発売90周年を迎えた2018年にリブランディングに成功した「キリンレモン」。20年のCM戦略は、その成功を踏まえた上でのさらなるステップアップだった。同CMを取り上げる記事の3回目は、「晴れわたろう。」篇での上白石萌歌の起用理由や撮影・編集時のこだわり、第2弾「〈無糖〉でた。」篇の裏側について紹介していく。
発売90周年のタイミングで行われた2018~19年の「キリンレモントリビュート」で、10~30代の新たな顧客をつかんだキリンレモン。さらなる飛躍を目指して、キリンは若年層を逃がさないようにしつつ、炭酸飲料のボリュームゾーンである40~50代にも受け入れられるCMを作りたいと考えた。「トリビュート」を成功に導いた博報堂のクリエイティブディレクター・井手康喬氏たちはどんな手段を選んだのか。そこに出てきたのが、「晴れ」というキーワードだった。
「キリンさんとの話し合いの中で出てきたのが、『晴れ』という言葉。『キリンレモンを人に例えると、いつも晴れている、明るい人だ』ということだったんです。だったら、見た瞬間に気持ちが晴れるような、青空をバックに歌うCMにしたらどうかと」(井手氏)
井手氏は、食品や飲料のCMは、画面にシズル(商品らしい質感)がにじみ出ていないとダメだと考えている。
「キリンレモンならシュワッと爽やかで、夏にゴクゴク飲みたくなるような感じがあったほうが分かりやすい。そこで20年は、直感的にシズルが伝わるCMを目指しました」(井手氏)
「午後の紅茶」に続き上白石萌歌を起用
「晴れ感」を表現できるタレントとして、キリン側から浮上したのが上白石萌歌だった。
姉の上白石萌音も女優として活躍する上白石萌歌は、「東宝シンデレラ」オーディション出身の20歳。『義母と娘のブルース』などのヒットドラマで活躍する一方、出演したキリン「午後の紅茶」のCMシリーズ「あいたいって、あたためたいだ。」(16~18年)で、過去のヒット曲を歌い上げ話題になった。
「『午後の紅茶』のCMの評判がとても良く、子どもから大人まで、幅広い世代に受け入れられている印象がありました。そして過去の出演作を見ると笑顔が軽やかで、『晴れ感』や『元気が出る』だけでなく『透明感』というキリンレモンの魅力を、うそ偽りなく表現してもらえそうだなと。また上白石さんは歌手としても活動されているので、歌で表現できるという点でもふさわしいのではないかと考えたんです」(キリンビバレッジの脇山正大氏)

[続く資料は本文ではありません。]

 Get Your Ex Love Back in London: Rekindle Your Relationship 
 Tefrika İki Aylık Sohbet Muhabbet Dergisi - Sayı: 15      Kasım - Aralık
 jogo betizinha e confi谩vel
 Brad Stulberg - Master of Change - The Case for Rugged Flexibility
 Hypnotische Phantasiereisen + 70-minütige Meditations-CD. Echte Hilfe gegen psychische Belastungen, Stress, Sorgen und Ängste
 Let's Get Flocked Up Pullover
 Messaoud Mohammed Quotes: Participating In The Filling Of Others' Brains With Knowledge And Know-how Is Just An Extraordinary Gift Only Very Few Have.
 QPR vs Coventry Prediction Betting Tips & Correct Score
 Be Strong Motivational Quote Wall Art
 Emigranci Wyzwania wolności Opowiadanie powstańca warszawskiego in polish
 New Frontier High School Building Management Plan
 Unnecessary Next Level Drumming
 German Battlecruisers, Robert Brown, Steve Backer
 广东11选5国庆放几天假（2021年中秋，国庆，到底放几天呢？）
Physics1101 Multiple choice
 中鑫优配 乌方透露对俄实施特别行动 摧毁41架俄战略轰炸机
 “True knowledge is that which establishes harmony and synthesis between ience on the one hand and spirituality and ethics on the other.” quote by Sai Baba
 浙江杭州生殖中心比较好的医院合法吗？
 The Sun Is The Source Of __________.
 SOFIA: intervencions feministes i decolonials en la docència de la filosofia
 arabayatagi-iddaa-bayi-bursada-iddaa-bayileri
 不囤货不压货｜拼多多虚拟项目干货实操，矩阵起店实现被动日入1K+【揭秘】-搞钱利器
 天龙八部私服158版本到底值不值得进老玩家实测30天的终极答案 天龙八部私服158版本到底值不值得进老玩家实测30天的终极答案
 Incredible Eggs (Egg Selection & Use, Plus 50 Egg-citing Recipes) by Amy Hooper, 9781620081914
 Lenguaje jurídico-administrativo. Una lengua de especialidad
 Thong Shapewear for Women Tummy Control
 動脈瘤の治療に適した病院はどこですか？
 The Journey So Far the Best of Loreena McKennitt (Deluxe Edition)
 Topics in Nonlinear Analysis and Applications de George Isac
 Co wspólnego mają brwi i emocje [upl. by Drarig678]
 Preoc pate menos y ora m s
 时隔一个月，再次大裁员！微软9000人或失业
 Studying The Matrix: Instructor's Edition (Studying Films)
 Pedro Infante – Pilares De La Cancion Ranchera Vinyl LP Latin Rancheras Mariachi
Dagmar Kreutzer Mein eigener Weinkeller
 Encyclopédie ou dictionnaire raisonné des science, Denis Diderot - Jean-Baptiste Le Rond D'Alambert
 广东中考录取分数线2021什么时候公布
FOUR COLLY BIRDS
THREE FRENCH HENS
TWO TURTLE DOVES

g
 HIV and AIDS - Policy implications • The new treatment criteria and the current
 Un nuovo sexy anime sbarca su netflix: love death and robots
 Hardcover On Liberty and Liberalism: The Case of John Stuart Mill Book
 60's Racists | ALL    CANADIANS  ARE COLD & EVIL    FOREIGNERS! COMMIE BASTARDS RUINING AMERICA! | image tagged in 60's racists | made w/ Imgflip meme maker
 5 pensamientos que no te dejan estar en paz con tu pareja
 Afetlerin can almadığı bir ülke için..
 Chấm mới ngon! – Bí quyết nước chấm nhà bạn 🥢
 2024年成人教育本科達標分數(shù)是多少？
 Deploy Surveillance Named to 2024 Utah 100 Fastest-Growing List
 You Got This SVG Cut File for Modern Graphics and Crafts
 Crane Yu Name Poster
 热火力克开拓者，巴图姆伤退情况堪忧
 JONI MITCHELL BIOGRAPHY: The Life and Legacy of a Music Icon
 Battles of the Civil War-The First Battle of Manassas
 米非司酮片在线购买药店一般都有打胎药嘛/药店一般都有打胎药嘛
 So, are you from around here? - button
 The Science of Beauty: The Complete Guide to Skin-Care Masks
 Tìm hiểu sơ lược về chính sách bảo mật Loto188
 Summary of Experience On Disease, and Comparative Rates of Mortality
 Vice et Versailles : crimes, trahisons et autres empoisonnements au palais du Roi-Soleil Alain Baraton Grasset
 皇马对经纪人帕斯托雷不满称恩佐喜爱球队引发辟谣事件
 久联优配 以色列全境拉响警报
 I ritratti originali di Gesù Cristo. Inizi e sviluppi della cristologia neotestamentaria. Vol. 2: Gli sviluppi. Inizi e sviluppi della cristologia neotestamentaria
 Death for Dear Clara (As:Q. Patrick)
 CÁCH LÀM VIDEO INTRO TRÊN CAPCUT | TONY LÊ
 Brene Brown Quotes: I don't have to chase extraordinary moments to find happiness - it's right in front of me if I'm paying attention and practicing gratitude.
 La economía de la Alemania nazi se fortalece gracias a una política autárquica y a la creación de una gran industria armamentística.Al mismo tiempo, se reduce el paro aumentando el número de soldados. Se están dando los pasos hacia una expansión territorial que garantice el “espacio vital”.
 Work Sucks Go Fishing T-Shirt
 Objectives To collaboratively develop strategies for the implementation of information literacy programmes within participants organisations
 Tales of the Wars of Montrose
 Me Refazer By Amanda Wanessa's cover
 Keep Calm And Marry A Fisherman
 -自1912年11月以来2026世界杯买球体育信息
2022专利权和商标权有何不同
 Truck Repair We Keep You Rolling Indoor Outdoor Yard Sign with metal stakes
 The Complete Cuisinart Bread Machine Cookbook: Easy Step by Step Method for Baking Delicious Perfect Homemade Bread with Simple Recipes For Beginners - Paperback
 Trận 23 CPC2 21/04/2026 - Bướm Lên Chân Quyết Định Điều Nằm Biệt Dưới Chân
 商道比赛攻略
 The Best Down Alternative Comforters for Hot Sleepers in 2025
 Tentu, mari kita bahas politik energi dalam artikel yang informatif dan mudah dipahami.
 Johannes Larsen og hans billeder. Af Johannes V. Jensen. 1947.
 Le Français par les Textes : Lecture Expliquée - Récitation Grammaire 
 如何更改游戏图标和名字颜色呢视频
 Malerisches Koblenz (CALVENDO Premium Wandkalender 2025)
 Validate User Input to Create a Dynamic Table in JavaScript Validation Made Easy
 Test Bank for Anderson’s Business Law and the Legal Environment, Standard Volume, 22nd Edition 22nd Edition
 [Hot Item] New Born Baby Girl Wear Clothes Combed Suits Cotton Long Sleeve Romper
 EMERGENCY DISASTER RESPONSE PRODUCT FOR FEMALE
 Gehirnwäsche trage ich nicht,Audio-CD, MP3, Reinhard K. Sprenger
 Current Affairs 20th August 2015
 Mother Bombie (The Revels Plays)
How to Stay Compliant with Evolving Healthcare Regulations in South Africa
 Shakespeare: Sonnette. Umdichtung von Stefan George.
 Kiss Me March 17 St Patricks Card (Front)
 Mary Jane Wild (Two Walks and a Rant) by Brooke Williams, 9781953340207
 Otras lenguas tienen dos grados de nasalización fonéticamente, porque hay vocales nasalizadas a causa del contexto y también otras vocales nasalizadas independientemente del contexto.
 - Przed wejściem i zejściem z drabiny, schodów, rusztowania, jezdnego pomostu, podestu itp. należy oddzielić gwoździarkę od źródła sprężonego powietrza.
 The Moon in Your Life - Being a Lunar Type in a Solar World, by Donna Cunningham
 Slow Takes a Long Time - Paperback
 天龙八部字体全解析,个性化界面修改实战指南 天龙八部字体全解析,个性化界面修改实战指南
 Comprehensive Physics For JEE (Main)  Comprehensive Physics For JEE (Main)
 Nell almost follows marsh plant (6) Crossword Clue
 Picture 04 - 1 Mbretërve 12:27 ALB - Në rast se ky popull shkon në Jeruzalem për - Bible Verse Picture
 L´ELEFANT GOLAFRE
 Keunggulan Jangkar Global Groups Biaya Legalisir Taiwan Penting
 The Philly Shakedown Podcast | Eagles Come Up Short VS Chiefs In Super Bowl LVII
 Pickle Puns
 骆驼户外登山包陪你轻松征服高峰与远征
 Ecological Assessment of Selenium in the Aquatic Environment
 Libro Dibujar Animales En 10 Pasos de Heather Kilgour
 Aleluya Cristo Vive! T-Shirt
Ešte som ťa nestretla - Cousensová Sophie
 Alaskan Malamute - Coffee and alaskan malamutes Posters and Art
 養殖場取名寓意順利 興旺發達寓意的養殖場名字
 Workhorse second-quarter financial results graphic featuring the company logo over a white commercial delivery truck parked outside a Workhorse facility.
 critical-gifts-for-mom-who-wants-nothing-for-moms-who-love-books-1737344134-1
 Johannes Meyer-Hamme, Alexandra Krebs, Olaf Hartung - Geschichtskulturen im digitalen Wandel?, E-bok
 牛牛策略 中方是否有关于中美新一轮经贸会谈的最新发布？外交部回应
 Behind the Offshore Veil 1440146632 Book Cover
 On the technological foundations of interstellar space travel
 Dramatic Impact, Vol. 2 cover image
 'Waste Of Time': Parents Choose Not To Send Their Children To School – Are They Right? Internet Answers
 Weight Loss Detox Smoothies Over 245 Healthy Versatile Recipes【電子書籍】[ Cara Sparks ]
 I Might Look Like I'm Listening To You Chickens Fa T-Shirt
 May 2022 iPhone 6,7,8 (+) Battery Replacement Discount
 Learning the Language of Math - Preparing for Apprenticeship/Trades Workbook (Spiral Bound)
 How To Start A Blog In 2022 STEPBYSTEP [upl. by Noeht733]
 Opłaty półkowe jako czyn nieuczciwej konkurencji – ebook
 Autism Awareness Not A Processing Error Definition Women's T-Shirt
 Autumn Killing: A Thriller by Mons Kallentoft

このキャスティング提案に、井手氏も賛同。上白石の起用が決定する。
監督は「トリビュート」に続き、志賀匠氏にオファーした。志賀氏はユニクロやマンダム「GATSBY」などのCMを演出している人気ディレクターで、「光の表現が上手で、若い人のピュアなキラキラした感じも表現できる」(井手氏)ことが起用理由となった。
音楽は、音楽プロデューサーの山田勝也氏が担当。山田氏は、『おおかみこどもの雨と雪』『バケモノの子』などの映画音楽を手掛けたアーティストの高木正勝氏に参加を依頼した。
「山田さんには18年から一緒にやってもらっていて、キリンレモンのシズルを知り尽くしています。その山田さんから『今回は洗練された中にオーガニックな楽器の音色を潜ませられる人がいい。それができるのは高木さんだ』と薦められました」(井手氏)
こうしてキャスト、スタッフがそろい、19年12月に『晴れわたろう。』篇が撮影された。